*** GIVEN DATA Section Begins ***
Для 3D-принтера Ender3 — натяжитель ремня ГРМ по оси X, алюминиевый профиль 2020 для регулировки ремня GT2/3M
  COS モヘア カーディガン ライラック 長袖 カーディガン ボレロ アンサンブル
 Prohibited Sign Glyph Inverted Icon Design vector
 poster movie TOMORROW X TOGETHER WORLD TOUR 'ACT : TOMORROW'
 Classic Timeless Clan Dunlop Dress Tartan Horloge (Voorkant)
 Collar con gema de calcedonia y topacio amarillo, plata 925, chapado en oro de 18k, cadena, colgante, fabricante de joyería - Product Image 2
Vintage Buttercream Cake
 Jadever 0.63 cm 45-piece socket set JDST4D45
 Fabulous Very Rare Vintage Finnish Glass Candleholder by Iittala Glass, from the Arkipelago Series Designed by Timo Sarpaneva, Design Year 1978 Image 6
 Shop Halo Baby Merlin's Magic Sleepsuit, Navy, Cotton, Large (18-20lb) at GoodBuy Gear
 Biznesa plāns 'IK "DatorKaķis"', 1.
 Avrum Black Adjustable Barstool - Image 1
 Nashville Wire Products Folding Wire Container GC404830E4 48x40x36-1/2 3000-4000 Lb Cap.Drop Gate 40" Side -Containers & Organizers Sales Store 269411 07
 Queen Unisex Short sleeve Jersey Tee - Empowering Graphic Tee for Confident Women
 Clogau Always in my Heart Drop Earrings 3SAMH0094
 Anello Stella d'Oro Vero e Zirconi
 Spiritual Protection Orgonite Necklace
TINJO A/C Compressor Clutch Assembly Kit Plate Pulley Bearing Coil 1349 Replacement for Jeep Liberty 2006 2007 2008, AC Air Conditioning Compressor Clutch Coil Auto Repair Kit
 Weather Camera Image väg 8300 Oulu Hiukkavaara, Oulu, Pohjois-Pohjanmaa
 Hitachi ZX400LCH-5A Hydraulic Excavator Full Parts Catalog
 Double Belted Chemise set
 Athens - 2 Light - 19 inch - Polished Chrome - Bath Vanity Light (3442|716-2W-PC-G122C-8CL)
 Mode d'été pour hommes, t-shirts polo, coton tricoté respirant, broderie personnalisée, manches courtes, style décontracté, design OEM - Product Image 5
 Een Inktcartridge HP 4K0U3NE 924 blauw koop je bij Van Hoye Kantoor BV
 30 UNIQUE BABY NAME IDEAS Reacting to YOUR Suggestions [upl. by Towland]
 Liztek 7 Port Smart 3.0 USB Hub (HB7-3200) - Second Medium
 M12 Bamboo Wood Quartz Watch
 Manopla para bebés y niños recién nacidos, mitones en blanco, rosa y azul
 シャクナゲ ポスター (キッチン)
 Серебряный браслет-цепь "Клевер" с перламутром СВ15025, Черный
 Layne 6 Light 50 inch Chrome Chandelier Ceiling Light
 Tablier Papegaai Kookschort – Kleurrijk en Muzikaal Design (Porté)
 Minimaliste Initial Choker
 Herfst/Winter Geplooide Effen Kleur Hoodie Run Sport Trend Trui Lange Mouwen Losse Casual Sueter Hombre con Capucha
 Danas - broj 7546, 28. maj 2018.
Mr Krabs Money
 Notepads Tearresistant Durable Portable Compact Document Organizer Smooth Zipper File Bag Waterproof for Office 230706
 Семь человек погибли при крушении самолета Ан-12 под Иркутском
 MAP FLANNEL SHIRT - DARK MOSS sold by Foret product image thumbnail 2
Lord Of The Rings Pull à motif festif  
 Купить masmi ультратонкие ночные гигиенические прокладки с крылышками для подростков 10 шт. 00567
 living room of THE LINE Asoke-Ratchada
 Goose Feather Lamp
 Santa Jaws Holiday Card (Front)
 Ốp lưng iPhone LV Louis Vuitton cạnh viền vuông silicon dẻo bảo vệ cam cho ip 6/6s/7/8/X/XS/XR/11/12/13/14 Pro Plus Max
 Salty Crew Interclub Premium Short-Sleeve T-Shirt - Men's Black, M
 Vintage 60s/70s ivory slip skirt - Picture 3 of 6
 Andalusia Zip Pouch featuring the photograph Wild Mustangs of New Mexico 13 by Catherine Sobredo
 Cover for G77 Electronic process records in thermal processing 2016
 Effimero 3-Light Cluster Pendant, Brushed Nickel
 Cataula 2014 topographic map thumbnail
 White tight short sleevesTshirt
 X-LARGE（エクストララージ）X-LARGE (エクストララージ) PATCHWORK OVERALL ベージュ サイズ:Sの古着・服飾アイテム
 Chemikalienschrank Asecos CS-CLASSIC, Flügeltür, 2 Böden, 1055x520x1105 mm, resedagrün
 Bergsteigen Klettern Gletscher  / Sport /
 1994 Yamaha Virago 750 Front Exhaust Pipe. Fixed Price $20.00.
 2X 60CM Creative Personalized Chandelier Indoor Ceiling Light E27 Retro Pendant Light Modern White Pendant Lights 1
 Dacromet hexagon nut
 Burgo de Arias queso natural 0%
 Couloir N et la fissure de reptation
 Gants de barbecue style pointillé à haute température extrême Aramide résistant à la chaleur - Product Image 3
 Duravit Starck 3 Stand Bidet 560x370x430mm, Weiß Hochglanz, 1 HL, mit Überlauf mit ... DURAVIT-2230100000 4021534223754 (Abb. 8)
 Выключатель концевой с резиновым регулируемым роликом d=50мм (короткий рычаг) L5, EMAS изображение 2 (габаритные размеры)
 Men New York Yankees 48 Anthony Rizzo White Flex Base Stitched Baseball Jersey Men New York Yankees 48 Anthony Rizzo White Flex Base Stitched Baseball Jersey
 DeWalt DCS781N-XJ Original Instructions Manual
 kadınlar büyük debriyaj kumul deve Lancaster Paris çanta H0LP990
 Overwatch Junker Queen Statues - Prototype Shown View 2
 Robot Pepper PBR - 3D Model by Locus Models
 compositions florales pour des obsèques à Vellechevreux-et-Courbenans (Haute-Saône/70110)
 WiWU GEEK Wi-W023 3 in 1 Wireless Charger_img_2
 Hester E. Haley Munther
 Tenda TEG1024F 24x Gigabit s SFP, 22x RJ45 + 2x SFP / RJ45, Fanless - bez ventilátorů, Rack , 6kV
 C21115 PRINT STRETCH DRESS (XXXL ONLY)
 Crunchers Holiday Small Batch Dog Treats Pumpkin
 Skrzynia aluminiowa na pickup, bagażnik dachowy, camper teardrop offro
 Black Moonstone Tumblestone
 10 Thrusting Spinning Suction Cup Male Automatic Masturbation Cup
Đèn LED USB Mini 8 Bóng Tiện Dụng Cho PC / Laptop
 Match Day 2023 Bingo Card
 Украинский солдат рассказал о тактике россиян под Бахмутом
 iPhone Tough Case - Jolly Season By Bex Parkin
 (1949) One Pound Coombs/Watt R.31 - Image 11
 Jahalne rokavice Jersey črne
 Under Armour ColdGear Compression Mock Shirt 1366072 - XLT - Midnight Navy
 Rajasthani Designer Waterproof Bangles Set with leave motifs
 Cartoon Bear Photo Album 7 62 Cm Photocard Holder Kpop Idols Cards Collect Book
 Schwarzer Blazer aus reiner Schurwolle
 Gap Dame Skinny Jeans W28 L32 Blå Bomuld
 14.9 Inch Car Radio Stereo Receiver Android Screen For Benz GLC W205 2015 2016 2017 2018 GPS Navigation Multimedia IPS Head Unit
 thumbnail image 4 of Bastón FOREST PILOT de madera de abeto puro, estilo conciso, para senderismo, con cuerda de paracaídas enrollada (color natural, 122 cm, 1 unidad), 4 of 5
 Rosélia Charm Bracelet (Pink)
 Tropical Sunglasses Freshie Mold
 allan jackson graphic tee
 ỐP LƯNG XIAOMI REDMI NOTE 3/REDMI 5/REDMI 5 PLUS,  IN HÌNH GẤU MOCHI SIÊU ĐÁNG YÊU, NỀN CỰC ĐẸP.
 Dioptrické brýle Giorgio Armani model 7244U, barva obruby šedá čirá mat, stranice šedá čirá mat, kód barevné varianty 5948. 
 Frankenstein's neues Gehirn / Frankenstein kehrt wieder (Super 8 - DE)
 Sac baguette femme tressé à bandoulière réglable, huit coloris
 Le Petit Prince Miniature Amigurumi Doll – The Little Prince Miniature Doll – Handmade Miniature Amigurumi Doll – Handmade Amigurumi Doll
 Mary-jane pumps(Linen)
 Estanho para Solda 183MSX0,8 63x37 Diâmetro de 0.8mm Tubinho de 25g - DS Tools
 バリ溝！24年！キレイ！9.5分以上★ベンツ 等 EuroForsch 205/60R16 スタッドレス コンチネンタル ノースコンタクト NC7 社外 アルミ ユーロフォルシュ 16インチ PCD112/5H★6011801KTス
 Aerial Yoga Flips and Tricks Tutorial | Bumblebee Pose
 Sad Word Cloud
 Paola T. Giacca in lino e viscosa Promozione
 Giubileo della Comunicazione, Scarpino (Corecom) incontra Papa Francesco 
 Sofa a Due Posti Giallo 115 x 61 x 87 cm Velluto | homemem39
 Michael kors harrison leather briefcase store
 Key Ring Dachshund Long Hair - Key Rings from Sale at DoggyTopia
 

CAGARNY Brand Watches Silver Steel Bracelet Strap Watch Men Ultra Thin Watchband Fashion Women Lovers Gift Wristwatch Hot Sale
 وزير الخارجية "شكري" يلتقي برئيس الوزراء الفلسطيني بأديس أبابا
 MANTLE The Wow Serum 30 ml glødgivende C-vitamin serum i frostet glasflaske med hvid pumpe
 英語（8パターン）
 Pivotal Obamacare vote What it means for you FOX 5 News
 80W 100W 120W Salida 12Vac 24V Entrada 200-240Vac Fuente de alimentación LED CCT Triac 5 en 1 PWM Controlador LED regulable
*** GIVEN DATA Section Ends ***
→ **EXERCISE PROMPT**
Some lines above hold the word "Waterproof". Copy all of them.

→ **YOUR RESPONSE**
 Notepads Tearresistant Durable Portable Compact Document Organizer Smooth Zipper File Bag Waterproof for Office 230706
 Rajasthani Designer Waterproof Bangles Set with leave motifs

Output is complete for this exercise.